China Shipyard to Build New Sematech Container Ships

July 18, 2013

UAE-based Simatech Shipping has inked its first containership order after 8 years for up to four 4,350-TEU wide beam boxships with China‘s Taizhou Kouan Shipbuilding.

The deal for the two firm orders and two optional vessels for delivery from the second half of 2015, marks a shift into a larger size of boxship for Simatech.

Company vessel: Image courtesy of Simatech Shipping
Company vessel: Image courtesy of Simatech Shipping

Simatech chairman and chief executive Mohammad Maghami says the ships will be used in its existing China-India Services “the saving in bunker consumption was the main reason for choosing this new design ships despite the good number of post-panamax ships that are available in the market,” he said.

The growth of Simatech ‘s owned fleet, which now comprises 10 vessels from 1,200 TEU, reflects an aggressive regional expansion. Simatech is also hooking up with Evergreen and NYK to start a new service linking India, Bangladesh and Pakistan. The weekly run will use four 1,700-teu vessels, including the 1,740-teu Hansa Nordburg (built 2002) and 1,608-teu Eleni I (built 1996). This pair has been chartered for five months at between $6,700 and $7,250 per day.

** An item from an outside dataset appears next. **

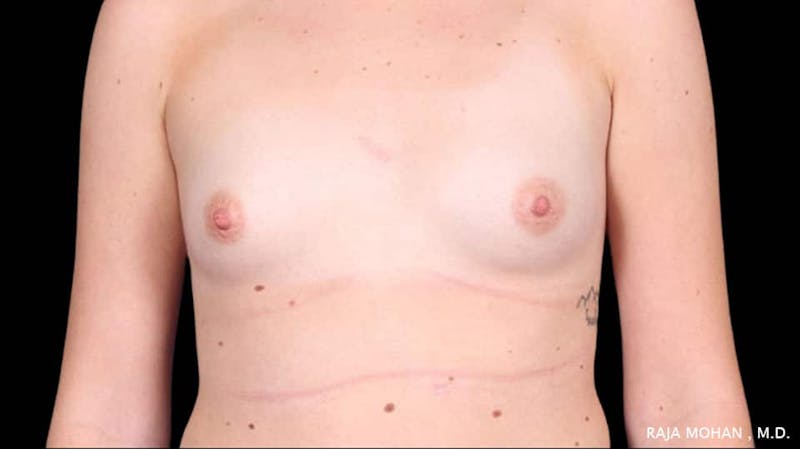 Breast Augmentation Before & After Gallery - Patient 231631 - Image 1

Simatech surpassed the one million teu mark last year and is expanding its operation on the east coast of Africa as well. It is preparing to deploy a second feeder vessel on its Jebel Ali-Mogadishu feeder service launched earlier this year “to support the further development of the Somalian economy”.

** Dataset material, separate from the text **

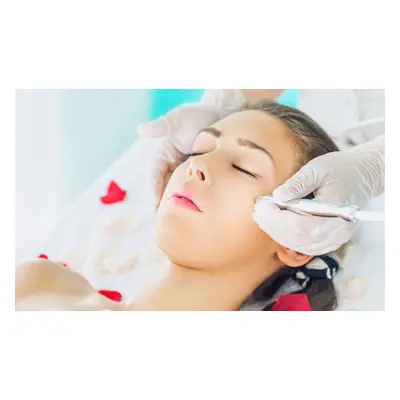 One session of microdermabrasion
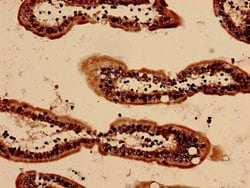 Invitrogen SAA Polyclonal Antibody 100 μg; Unconjugated:Antibodies,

Simatech say they are also developing a modern container terminal in Mogadishu and plans to set up a merchant marine academy in the Somalian Capital to train seafarers.

More than twenty years since inception, Simatech now employs more than 200 highly qualified staff in their offices in UAE, Singapore, India, Somalia, and North America, as well as operating more than sixteen vessels in sixteen different destinations within the Gulf, the Indian Sub-Continent, Far East and East Africa. Noted for having moved over 1,000,000 TEUs in 2012, Simatech remains one of the most dynamic feeder operators in the region.